Dogs: had a 95 percent accuracy compared to biopsy confirmed diagnosis.
They also in breast cancer patients and controls, their sensitivity was 95 percent, and for all 4 stages of both lung and breast cancer. This indicates that even if a cancer is in stage 1, their accuracy was the same as if it was at stage 4 cancer.

These were ordinary household dogs that conceivably can detect the same set of chemicals that cancer patients exhale and in some cases, even before a diagnosis is made and this has been confirmed by regular medical tests.

A British journal reported that in their study in Britain, where the dog in one case, indicated a positive response to one particular sample, from a non-cancer patient or so they thought at the time. The researcher in the case was surprised that the dog identified a non-cancerous sample. That subject was tested again, and medical results came back that the person unknowingly had kidney and bladder cancer.

Dogs are continually being studied for their uncanny ability to sniff cancer in a human’s breath, either lung or breast cancer and their accuracy rates are just as accurate and a lot less painful and invasive than having a mammogram.

Do dogs possess more of an amazing ability in scenting, or have we known this for years, as they are used to track people lost in the woods, or on the hunt for escaped prisoners. These days they sniff drugs, and bombs at airports providing a vital service to protect us from attacks.

In England, dog owners train their pets to track the most expensive delicacy on earth -truffles. The areas in England are in the heartlands of Wiltshire and Hampshire. There is even a training school for dogs to be taught how to find truffles in the woods. Truffles are buried underground which are a little harder to find but worth the effort at up to $ 2,200.00 a pound for the more expensive white ones.. The breeds being used are; Spaniels, Labradors, Poodles, and a special breed of Italian truffle hounds called the Lagotto Romagnolo.

Dogs have the capacity to filter parts per trillion, in their noses, and can determine different chemicals in the atmosphere or in a breath sample. The whole world out there to a dog is filtered, and translated by their nose, they can determine much information via this venue even about their human caretakers.
Have you ever wondered why a dog sniffs at you when you first come home after being away all day? They are detecting where you have been, your mood, and can scent whom you have been with, especially if you patted another dog.

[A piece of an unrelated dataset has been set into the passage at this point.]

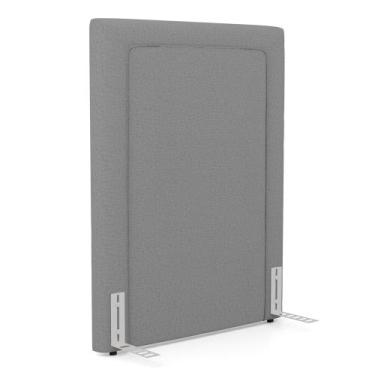 Imagem de Cabeceira Cama Box Solteiro Alba 90cm com Frame Linho Cinza - Abmaza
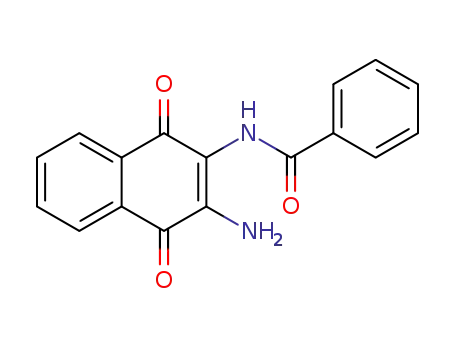 Molecular Structure of 6899-60-1 (Benzamide, N-(3-amino-1,4-dihydro-1,4-dioxo-2-naphthalenyl)-)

This makes Oscar’s ability not only astounding but that this cat can smell approaching death also brings us to the conclusion that cats have the amazing and unexplainable aptitude to detect disease in humans. Cats also have a keen sense of smell, which has yet to be thoroughly documented and perhaps researchers may study cats abilities as well as dogs to determine diseases. Ongoing research and studies are being conducted in California, and England on different types of cancers, and predictably dogs will prove to be amazing diagnostic tools in the fight against cancer and early detection in the future.

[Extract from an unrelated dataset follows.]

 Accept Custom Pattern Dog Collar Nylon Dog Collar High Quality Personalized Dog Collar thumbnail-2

Conceivably a dog can detect the same set of chemicals that cancer patients exhale while they are being diagnosed or even before a diagnosis is made and confirmed by regular medical tests. A British journal reported that in their study in Britain, a researcher was surprised, where one dog positively identified one sample as cancerous from a non-cancer patient.
That person then underwent medical tests and the results revealed the person unknowingly had kidney and bladder cancer.

Oscar the cat, has an accuracy rate so far of 25 out of 25 predictions. Brings to mind that joke about a Cat Scan. He is so accurate that once he visit’s a room, the nurses call the immediate family! I wonder if Oscar gets a healthy treat now and then for his humanitarian efforts.